C. The right of criminal defendants to have counsel in a state trial was established in the 1963 case Gideon v. Wainwright. Gideon claimed that without counsel, the "due process" clause of the Constitution was violated. The Court agreed.
  1. Following from Gideon, suspects may assert their right to counsel prior to trial.
  2. In Escobedo, a suspect has a right to counsel when the focus of an investigation turns to an individual and attempts to elicit a confession.
D. The Fifth Amendment provides that citizens cannot be compelled to testify against themselves.
  1. Miranda v. Arizona (1966) states that once individuals are taken into custody, they must be informed that they have a right to remain silent.
  2. The right against self-incrimination applies any time a suspect is questioned.
E. The Sixth Amendment provides that citizens have the right to a jury trial. The jury must be impartial. In Baston v. Kentucky (1986), the exclusion of potential jurors because of their race was found to be illegal.

F. Cruel and unusual punishment is forbidden by the Eighth Amendment. The views of Supreme Court have changed from time to time on the permissibility of the death penalty. Some have said that the practice does constitute cruel and unusual punishment while others claim that it is used disproportionately against minorities.


VII. Civil Rights (1865-1950s)

Prior to the Civil War, civil liberties and civil rights were very similar concepts for white men. The distinction between them became more clear as women and minorities began to claim these rights and liberties for themselves. The Dred Scott case, the Civil Rights Act of 1875, and the Civil War amendments to the Constitution all highlight the challenge to the status quo.
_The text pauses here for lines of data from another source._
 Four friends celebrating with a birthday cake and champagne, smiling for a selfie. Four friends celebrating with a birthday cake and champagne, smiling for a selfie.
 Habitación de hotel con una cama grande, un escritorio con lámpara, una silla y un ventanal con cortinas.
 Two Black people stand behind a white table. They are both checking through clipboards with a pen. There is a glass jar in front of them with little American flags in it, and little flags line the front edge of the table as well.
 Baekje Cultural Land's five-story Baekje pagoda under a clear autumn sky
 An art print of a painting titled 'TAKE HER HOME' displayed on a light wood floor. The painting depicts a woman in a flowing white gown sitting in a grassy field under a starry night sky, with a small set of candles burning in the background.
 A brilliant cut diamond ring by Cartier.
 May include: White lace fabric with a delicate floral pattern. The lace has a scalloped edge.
    A. The Civil War amendments are the Thirteenth, Fourteenth, and Fifteenth Amendments. These amendments were added to the Constitution following the conclusion of the war and followed on the heels of President Lincoln's Emancipation Proclamation, which freed slaves in the rebel states

    B. The Thirteenth Amendment, made law in 1865, made slavery illegal in the United States.
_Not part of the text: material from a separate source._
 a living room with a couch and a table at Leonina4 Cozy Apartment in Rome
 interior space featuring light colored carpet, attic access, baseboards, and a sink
    C. The Fourteenth Amendment, made law in 1868, was designed to safeguard the position of former slaves in society.
     

    1. The Fourteenth Amendment provided that former slaves were citizens of the US and the state wherein they reside.
    2. No state could abridge the privileges and immunities of its citizens.
    3. Life, liberty, or property could not be taken without "due process" of law.
    4. All persons within a state's jurisdiction were entitled to the equal protection of the law.
    5. These measures were designed to protect former slaves, but they did so without specifically mentioning them.
    .
    D. The Fifteenth Amendment, made law in 1870, removed color barriers to voting. Congress was given the power to ensure that former slaves would be able to vote.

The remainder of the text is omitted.